Mit der Natur verbunden
Gesundes und gleichzeitig angenehmes Wohnen ist bisher ein frommer Wunsch. Denn in den herkömmlichen Baustoffen findet sich eine große Menge an Schadstoffen. Auch die Entsorgung der Bauten ist wegen dieser Tatsache oft ein Problem.
In neuerer Zeit geistert jedoch immer wieder der Begriff vom „ökologischen Wohnen“ durch die Immobilienwelt. Was genau ist damit gemeint?
Streng genommen bedeutet ökologisches Wohnen, dass alle Baumaterialien rein natürlich sind. Ein Haus, das den Vorgaben des ökologischen Wohnens entspricht, enthält keinerlei giftige Stoffe, nicht einmal in für Menschen ungefährlichen Kleinstmengen. Der Energieverbrauch ist so gering wie möglich und die Energie wird aus erneuerbaren Ressourcen gewonnen, zum Beispiel aus Solaranlagen. Die bebaute Fläche ist entweder sehr klein oder das Haus wird begrünt. Hier sind bepflanzte Dächer besonders beliebt.
Konkret bedeutet dies, dass vor allem natürliche Baustoffe wie Lehm oder Holz verwendet werden. Für die Dämmung wird Stroh, Schafwolle, Hanf oder ähnliches benutzt. Anstriche werden mit Farben oder Lacken auf Pflanzenbasis, die keine Lösungsmittel enthalten dürfen, gemacht. Kunststoffe werden in einem ökologischen Haus nicht verwendet. Es wird so gebaut, dass viel Licht in das Haus dringt, damit der Energieverbrauch durch Beleuchtung so gering wie möglich bleibt.

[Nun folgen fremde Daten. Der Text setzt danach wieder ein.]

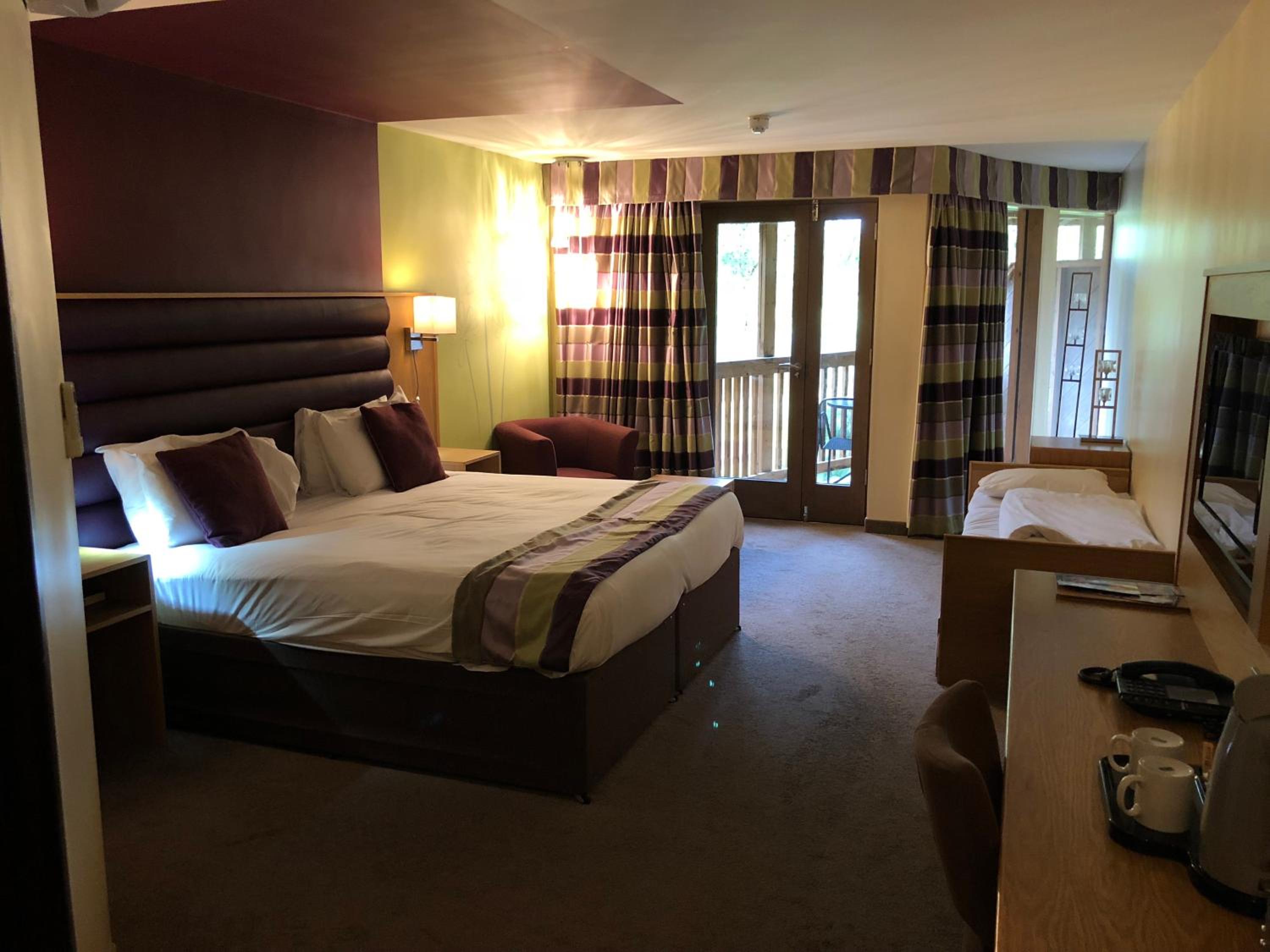 Warrington Vacations - The Gulliver's Hotel - Property Image 4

Insgesamt verschreibt sich das ökologische Wohnen dem Standard der Niedrigenergiehäuser. Das Wasser wird durch Solarenergie erwärmt und recycelt. Das bedeutet, dass beispielsweise die Toiletten-Spülung mit Abwasser aus der Spüle oder Badewanne betrieben wird.

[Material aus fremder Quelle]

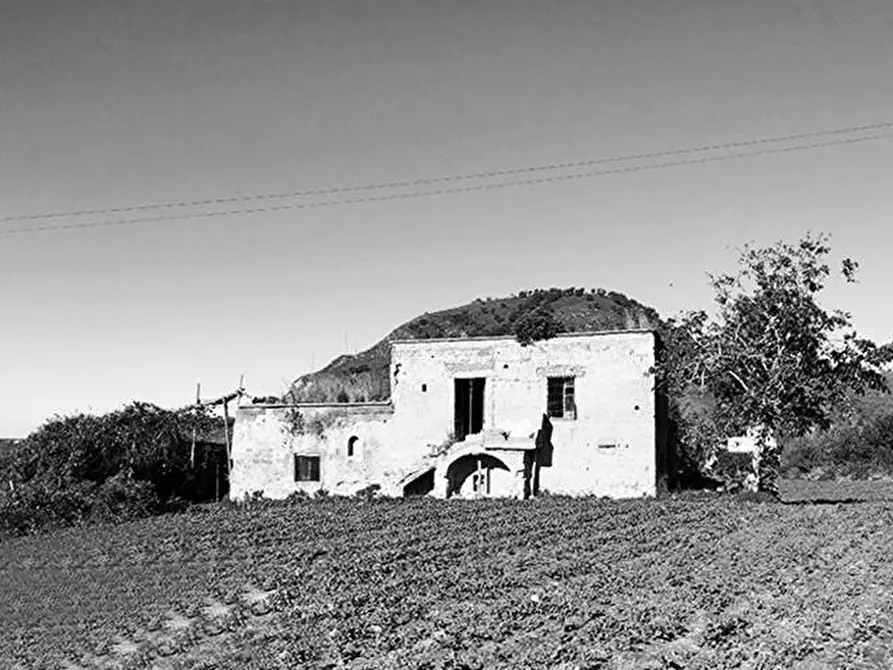 Immagine 16 di Stabile in vendita  in Via Cigliano snc a Pozzuoli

All dies scheint zu bedeuten, dass der Bewohner weitgehend von den Annehmlichkeiten der modernen Zivilisation ausgeschlossen ist. Doch eines der wichtigsten Ziele des ökologischen Wohnens besteht darin, dass auf diese Annehmlichkeiten eben nicht verzichtet werden muss, sondern ein ganz normales Wohnen möglich ist.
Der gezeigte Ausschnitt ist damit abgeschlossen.